If think there are three possible solutions to this:

revert back to regex-syntax v0.6 and never upgrade;
update the class' priority to 2, which is a breaking change, but satisfy the rule that "equivalent regexes the same priority". I worked a bit on that, but a lot of tests must be updated;
use regex-syntax's AST, which seems to be not optimized, instead of the HIR, or use a custom AST to HIR translator (I am not sure that optimization can be turned off).

It is also important to check whether regex-syntax's optimizations are actually impacting (or not) Logos' performances :'-)

jeertmans · 2023-06-26T20:39:53Z

Ok so I did a small benchmark to compare equivalent patterns, and it seems that optimizing alternations into classes (at least a range) can improve performances, see this example:

hellow554 · 2023-06-27T07:09:29Z

can improve performances

Yeah I thought so ;) Why should they do that, if not for performance :D

I mean, honestly: There's no reason for us so stick to "old" behavoir. We just need to make sure, that priorities do not conflict with each other. And I think we can do this with more tests, but IMHO we shouldn't block the upgrade just because old tests are not working.

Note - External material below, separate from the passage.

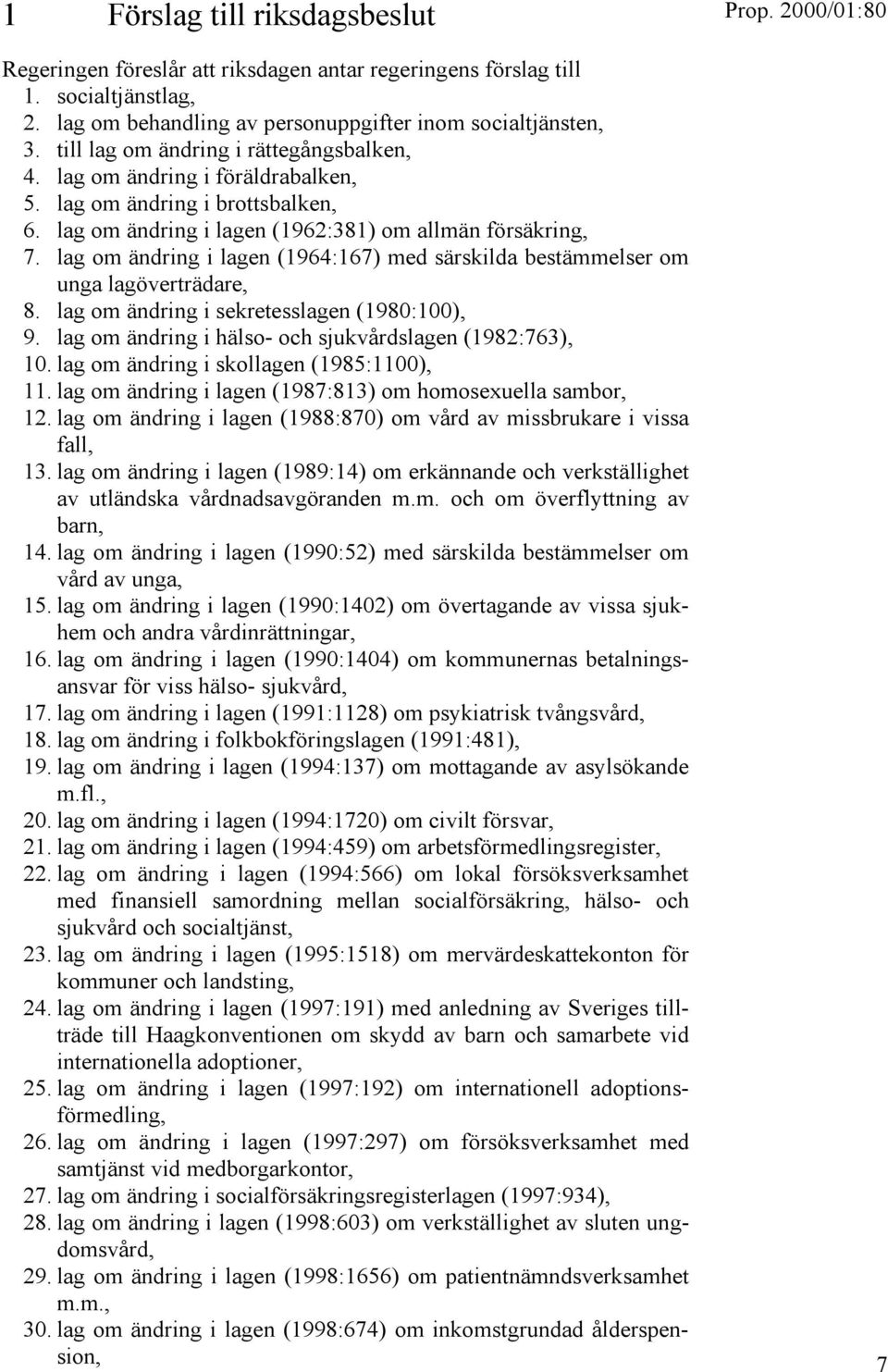 lag om ändring i lagen (1964:167) med särskilda bestämmelser om unga lagöverträdare, 8. lag om ändring i sekretesslagen (1980:100), 9. lag om ändring i hälso- och sjukvårdslagen (1982:763), 10.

jeertmans · 2023-06-27T08:03:39Z

can improve performances

Yeah I thought so ;) Why should they do that, if not for performance :D

True! But optimizations in the regex-syntax crate do not necessarily translate into performance gains with Logos, so testing is always good ;-)

I mean, honestly: There's no reason for us so stick to "old" behavoir. We just need to make sure, that priorities do not conflict with each other. And I think we can do this with more tests, but IMHO we shouldn't block the upgrade just because old tests are not working.

I agree, but this is a major change, and hopefully we should be able to produce a stable result such that "equivalent regex patterns have the same priority". Maybe it is as simple as multiplicating the class priority by 2 ^^'

Anyway, I'd like to have @maciejhirsz's opinion on that too.

hellow554 · 2023-06-27T10:57:51Z

logos/src/lib.rs

@@ -231,7 +231,7 @@ pub trait Logos<'source>: Sized {
 /// enum Token<'a> {
 ///     // We will treat "abc" as if it was whitespace.
 ///     // This is identical to using `logos::skip`.
-///     #[regex(" |abc", |_| Skip)]
+///     #[regex(" |abc", |_| Skip, priority = 3)]


I'm not sure why this is necessary? Is this because the alternate form gets shortened to a class?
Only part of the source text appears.